Puedes decir : *minable*, *bas de gamme*, *miteux*... en algunos casos *ringard* puede servir también (= _cutre_ y _pasado de moda_)


----------



## chics

Merci beaucoup, ed-hipo!!!!

mais no, *rustique *est *rústico*, comme une maison rurale...
et cutre n'est pas _de mala muerte_, c'est trop agressive!


----------



## Lezert

dans ce cas, ce n'est pas radin ( radin= avare)
pour un bar , on dirait un troquet, un estanco , un rade
sinon, comme adjectif, "sommaire"?


----------



## ed-hipo

entonces seria "bas de gamme" tal como lo sugiere Cabezota, aunque en francés se puede escuchar "rustique" de modo ironico al evocar un sitio en plan de referirse a su aspecto pobre algo antiguo... igual me equivoco
espera mas opiniones


----------



## chics

que c'est que ce, *sommaire*?

también puede ser una solución *cutre*, por ejemplo, como enganchar un papel (o un fular de louis vuitton) con celo en la zona inferior de una tele para no ver los subtítulos de una peli.

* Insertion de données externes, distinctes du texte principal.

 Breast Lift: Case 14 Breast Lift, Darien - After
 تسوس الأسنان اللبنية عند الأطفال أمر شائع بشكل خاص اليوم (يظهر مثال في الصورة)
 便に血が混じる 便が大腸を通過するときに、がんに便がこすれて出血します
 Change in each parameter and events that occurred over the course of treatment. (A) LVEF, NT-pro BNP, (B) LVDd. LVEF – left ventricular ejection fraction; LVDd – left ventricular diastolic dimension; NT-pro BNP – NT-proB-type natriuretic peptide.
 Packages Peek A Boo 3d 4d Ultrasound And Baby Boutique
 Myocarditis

_Minable_ y _bas de gamme_ no son,  merci.


----------



## chics

ed-hipo said:
			
		

> entonces seria "bas de gamme" tal como lo sugiere Cabezota, aunque en francés se puede escuchar "rustique" de modo ironico al evocar un sitio en plan de referirse a su aspecto pobre algo antiguo... igual me equivoco
> espera mas opiniones


 
Aaah... tal vez, para mí *rústico* es algo antiguo, creo que normalmente asociado al campo, pero normalmente _bonito_.​


----------



## Lezert

alors "de fortune" pourrait marcher
une réparation de fortune ( avec des bouts de ficelles)
un comptoir de fortune ( par exemple fait avec des caisses et des palettes)


----------



## CABEZOTA

También puede ser "beauf'" (hortera)


----------



## chics

Ah!!!
*hortera* es otra palabra que nunca sé decir en francés!!!!
merci, merci, merci!!!!

mais c'est different que *cutre*, ein?


----------



## CABEZOTA

A ver :
*cutre 
**adj.inv. 
1 *Descuidado, sucio o de baja calidad: _Era un bar muy cutre y estaba lleno de gente extraña. _
Esto es _*minable, miteux*_ o *bas de gamme*, sin duda...

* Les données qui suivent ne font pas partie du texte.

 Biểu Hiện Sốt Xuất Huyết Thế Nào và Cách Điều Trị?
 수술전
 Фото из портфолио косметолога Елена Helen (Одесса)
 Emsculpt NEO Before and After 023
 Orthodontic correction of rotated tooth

Puede ser cutre porque es 
*hortera 
adj.inv./s.com. *Que se considera feo y de mal gusto por su carácter vulgar y ordinario: _Lleva una camisa muy hortera. _
y en este caso es *beauf.*

En conclusion, no todos los sitios cutres son horteras, pero si son horteras, pueden ser cutres... y/o cursi !


----------



## chics

Uuuhm... hortera es feo pero más por demodé, o por ser estrafalario y feo (si es bonito, ya no). No tiene por qué ser vulgar. Es como un chco que lleva el pelo con clenche en medio y gomina... 

E insisto en que cutre no es gama baja.

El significado que ves en este diccionario no es el del uso que se hace en la calle.


----------



## Cintia&Martine

Buenas noches, bonne nuit

Para _cutre_ me gusta: _piteux_. 
(Opinion personnelle)

Au revoir, hasta luego


----------



## Cintia&Martine

Re.
- buenas noches,

Perdón que no había tu último mensage: después de releer el primero, quizá piensas en ¿algo primitivo? (_sommaire_ en francés como lo dice Lezert).

Tendrías que precisar un poco más sobre el significado que le das.


----------



## chics

Cintia&Martine said:
			
		

> Buenas noches, bonne nuit
> 
> Para _cutre_ me gusta: _piteux_.
> (Opinion personnelle)
> 
> Au revoir, hasta luego


 
Bonne nuit, 
me gusta la palabra pero no sé lo que significa ¿qués es _piteux_?

*Cutre* no es _primitivo_, es más bien _demasiado sencillo_, con _demasiado_! Sí, tal vez podría decir que _cutre_ es a _normal_ lo que normal es a _elegante y sofisticado_. Y diría que casi tiene un toque de entrañable...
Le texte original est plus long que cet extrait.